## SUPPLIED DATA
↓

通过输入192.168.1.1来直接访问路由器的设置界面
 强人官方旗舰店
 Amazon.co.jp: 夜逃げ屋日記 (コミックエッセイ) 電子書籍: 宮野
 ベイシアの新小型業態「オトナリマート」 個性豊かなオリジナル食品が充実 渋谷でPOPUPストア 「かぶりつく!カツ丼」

↑

## REQUIRED WORK
Return the data above in full. Keep every line exactly as it is.

## ANSWER BOX
通过输入192.168.1.1来直接访问路由器的设置界面
 强人官方旗舰店
 Amazon.co.jp: 夜逃げ屋日記 (コミックエッセイ) 電子書籍: 宮野
 ベイシアの新小型業態「オトナリマート」 個性豊かなオリジナル食品が充実 渋谷でPOPUPストア 「かぶりつく!カツ丼」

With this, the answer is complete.